Basic Training for Dogs
Over the years we have seen dogs do amazing things, but it is good to remember that all of these dogs started with no knowledge of what to do. Here are some basic starting commands. Once your dog has these down pat the sky is your limit!
Knowing their Name
A dog needs to know what they are called if they are to have any chance at learning tricks. Most dogs will understand what you say when you need their attention. However, you can further re-enforce this by calling them when they are not paying attentio0n and then giving them a reward when they look at you or give some other positive result.
Sit & Stay
Sit and stay are the most basic commands that almost everyone has great success in teaching. Sit is vital for road safety, and stay is excellent for further learning.
To teach sit, you can use a treat in your hand and slowly move it past their nose. Ideally, the dog will move his head toward the treat and sit, at this time speak the command. You should avoid trying to force the dog into a sitting position, as this can have a negative effect.

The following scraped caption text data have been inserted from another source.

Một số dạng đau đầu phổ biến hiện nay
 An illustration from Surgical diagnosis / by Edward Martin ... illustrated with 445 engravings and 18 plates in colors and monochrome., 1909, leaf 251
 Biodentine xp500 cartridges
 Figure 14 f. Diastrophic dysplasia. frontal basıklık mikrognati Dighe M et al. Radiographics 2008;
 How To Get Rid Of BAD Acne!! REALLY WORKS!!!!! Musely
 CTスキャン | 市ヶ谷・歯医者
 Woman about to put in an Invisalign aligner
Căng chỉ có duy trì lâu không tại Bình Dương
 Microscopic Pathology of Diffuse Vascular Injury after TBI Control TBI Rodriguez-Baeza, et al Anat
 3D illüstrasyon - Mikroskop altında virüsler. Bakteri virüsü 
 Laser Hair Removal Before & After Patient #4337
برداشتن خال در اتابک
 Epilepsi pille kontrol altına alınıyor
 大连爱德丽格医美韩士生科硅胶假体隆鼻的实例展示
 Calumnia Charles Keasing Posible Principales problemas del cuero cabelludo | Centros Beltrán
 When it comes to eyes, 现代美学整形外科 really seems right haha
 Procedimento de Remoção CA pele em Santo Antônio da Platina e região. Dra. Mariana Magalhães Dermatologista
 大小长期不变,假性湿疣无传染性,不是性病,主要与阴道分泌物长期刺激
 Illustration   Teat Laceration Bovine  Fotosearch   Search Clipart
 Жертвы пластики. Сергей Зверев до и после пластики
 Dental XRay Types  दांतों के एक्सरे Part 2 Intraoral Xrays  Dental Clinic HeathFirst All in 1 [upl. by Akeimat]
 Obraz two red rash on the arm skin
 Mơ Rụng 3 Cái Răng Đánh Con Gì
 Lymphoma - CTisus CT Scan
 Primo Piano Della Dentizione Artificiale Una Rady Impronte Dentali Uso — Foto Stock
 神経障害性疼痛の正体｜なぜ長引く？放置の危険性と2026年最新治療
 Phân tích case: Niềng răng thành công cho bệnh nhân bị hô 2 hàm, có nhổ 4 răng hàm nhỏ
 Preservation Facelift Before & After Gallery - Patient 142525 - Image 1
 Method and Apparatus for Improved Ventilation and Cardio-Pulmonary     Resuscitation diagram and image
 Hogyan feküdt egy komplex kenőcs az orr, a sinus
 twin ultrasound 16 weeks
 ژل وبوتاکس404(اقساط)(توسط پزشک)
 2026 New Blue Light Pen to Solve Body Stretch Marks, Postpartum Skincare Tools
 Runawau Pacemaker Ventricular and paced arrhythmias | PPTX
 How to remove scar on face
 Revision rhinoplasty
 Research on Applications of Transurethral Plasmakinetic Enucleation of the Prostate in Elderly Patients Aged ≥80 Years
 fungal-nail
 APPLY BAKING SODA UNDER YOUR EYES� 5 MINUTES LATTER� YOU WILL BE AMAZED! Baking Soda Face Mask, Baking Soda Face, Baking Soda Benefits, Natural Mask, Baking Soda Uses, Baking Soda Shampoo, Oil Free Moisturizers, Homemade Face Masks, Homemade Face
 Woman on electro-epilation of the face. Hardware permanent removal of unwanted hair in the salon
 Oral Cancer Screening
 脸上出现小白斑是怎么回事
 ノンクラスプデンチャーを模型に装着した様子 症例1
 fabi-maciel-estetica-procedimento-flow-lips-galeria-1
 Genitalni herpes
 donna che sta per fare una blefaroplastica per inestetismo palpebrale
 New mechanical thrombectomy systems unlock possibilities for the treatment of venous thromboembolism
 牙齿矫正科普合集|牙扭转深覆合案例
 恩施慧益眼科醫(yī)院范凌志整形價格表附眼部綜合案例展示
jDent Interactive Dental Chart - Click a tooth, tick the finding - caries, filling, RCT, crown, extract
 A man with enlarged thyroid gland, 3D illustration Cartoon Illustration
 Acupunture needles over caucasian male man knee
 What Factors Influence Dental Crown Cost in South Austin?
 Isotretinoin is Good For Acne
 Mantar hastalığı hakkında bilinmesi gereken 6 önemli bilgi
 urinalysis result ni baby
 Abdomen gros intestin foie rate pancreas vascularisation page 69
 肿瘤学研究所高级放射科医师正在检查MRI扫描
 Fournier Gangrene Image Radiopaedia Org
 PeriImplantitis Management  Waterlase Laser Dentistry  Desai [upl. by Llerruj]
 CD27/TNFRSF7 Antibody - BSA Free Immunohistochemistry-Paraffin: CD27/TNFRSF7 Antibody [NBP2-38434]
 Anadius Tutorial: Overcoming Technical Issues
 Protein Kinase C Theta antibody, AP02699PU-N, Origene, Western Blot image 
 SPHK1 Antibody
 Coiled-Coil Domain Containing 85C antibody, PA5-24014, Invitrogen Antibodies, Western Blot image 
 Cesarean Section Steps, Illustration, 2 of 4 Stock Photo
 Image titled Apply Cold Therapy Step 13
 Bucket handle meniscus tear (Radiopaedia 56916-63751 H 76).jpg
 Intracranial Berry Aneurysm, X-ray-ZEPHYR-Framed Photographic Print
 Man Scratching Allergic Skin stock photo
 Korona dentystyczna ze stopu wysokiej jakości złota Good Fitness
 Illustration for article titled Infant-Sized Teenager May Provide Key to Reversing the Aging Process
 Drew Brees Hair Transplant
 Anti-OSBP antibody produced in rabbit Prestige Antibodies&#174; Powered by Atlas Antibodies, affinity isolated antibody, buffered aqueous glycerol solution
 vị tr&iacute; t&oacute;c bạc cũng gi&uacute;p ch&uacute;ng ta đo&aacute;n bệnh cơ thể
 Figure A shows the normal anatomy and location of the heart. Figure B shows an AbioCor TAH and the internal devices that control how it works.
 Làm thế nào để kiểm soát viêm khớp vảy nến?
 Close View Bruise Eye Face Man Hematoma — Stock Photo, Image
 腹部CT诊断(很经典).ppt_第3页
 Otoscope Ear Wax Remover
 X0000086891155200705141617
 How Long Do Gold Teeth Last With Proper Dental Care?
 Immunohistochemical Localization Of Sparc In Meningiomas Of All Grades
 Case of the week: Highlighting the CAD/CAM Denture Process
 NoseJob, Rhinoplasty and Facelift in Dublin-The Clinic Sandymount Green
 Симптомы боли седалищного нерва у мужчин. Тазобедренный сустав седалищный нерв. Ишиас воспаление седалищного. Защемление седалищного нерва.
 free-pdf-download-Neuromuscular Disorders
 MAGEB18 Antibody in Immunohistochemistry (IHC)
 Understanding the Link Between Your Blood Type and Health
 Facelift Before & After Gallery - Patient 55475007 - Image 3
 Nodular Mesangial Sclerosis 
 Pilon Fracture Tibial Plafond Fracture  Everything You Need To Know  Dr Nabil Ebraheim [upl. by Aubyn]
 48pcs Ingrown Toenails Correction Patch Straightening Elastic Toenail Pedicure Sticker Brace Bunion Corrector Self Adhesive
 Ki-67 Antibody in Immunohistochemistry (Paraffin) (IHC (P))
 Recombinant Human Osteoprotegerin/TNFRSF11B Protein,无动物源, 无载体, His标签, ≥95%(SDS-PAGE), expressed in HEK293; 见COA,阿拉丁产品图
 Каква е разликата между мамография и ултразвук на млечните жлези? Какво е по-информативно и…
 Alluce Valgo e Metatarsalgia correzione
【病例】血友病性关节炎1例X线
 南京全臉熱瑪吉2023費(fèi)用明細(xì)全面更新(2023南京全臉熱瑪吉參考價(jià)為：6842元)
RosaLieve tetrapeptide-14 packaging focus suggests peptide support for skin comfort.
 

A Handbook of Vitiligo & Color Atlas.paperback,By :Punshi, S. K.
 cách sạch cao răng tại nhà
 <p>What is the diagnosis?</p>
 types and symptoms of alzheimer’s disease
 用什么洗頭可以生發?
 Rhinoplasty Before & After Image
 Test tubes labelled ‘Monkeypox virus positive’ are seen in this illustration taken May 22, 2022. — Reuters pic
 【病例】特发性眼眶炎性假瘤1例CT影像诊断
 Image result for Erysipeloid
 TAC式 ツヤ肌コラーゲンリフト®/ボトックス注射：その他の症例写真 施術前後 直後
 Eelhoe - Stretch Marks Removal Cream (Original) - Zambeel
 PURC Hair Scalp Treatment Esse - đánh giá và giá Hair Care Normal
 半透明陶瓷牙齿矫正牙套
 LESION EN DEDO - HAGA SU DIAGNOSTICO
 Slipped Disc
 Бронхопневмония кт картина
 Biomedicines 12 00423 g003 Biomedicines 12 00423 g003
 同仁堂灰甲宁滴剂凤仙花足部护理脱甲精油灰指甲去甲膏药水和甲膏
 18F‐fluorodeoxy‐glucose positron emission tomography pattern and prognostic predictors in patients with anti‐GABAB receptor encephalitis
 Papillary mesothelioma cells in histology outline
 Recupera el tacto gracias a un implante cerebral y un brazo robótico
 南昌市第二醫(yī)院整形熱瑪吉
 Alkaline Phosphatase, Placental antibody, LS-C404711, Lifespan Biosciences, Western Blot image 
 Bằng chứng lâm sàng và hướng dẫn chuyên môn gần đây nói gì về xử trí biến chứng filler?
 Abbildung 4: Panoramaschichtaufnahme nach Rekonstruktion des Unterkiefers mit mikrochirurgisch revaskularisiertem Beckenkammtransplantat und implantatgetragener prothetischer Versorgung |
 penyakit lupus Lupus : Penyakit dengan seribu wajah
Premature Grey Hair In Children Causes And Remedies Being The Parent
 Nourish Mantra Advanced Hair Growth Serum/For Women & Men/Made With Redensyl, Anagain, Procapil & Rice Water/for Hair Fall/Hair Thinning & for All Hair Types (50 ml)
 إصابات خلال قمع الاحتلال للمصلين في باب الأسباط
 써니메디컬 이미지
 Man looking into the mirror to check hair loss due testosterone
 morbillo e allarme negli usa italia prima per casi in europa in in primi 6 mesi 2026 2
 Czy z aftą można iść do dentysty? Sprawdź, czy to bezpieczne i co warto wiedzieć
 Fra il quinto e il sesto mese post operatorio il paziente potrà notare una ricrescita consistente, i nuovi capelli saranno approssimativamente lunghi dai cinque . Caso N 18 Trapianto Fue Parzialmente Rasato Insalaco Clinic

Recall is the second most basic command that dogs should understand. This should be taught after they know the ‘sit & stay’ command.
Allow them to wander, and then when they are not paying attention call their name and use the command ‘come’ or ‘here’ (or any other single word phrase). Follow the correct behaviour with praise and rewards. Eventually, you should be able to do this without the lead and your dog will come at your command.